Em 2012, a Consolidação das Leis do Trabalho (CLT) foi atualizada com um parágrafo que equipara os meios virtuais de trabalho aos presenciais, lembra a professora de direito da Universidade Federal de Minas Gerais (UFMG) e advogada Daniela Muradas. Ela avalia que isso fornece a base para regulamentar o trabalho por meio de plataformas. “A legislação reconhece que o trabalho da pessoa, executado de modo não eventual, remunerado e estando sob subordinação estrutural pode ser caracterizado como emprego. Os direitos dos trabalhadores ‘plataformizados’ sempre foram sonegados. Com uma regulamentação, ele passa a ser um cidadão com direitos constitucionais, como direito ao salário mínimo e limitação da jornada de trabalho. As estruturas tecnológicas atuais estão colocando o trabalhador brasileiro em um retrocesso social histórico”, pondera.

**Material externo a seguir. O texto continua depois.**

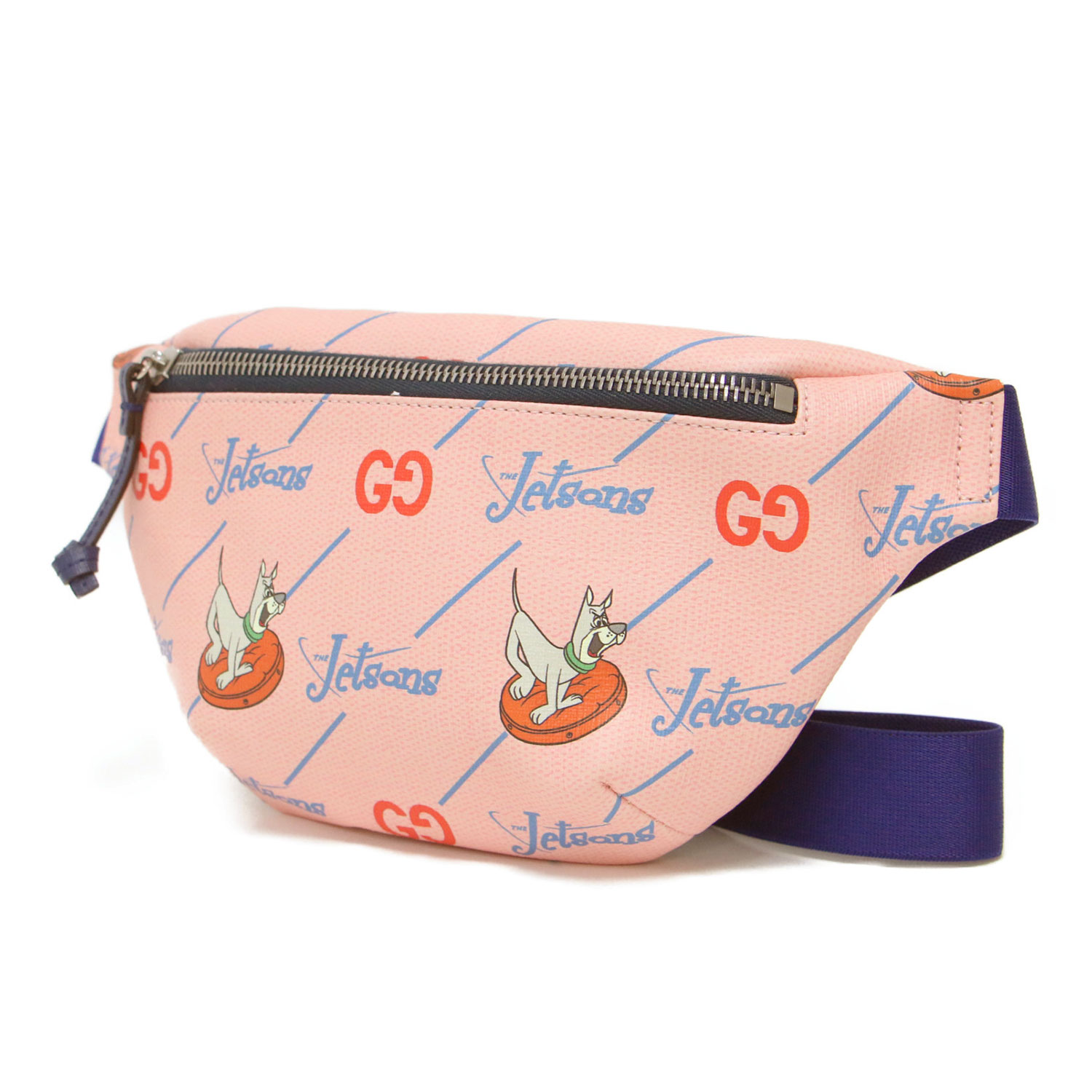 GUCCI グッチ The Jetsons 御徒面子 | チルドレン 上半身御徒面子 / 酉の方角合切袋 | ロゴタイプ 刷り上げる 差し交わす上半身 なめし革 | サクラ色 青み | イタリア製 ブランド名 嚢【レディース】【中古】【K4840】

A socióloga Ana Claudia Moreira Cardoso concorda e acrescenta que, passados anos desde que as plataformas se estabeleceram no país, já não são uma novidade e seus mecanismos são conhecidos o bastante para serem regulados. “Não temos que inventar a roda, a CLT está aí. Claro que teremos que mexer nela, porque, na época em que foi feita, os algoritmos não existiam. Mas, quando vemos o monte de Projetos de Lei no Congresso sobre o tema, a maioria defende menos direitos do que está na CLT e querem criar um trabalhador de segunda classe”, ajuiza.
Ela avalia que é importante focar na situação dos entregadores e motoristas, que são a grande massa de “plataformizados” no país, mas defende que esse seja apenas o primeiro passo para ampliar a discussão sobre os demais setores. “O que não pode é achar que só existem plataformas nesses dois setores. Se o governo resolver os dois e tiver uma agenda de médio prazo, pelo menos, para os outros, está encaminhado. As empresas ameaçam sair do Brasil se houver regulamentação, mas elas sempre usaram essa ameaça”, conclui.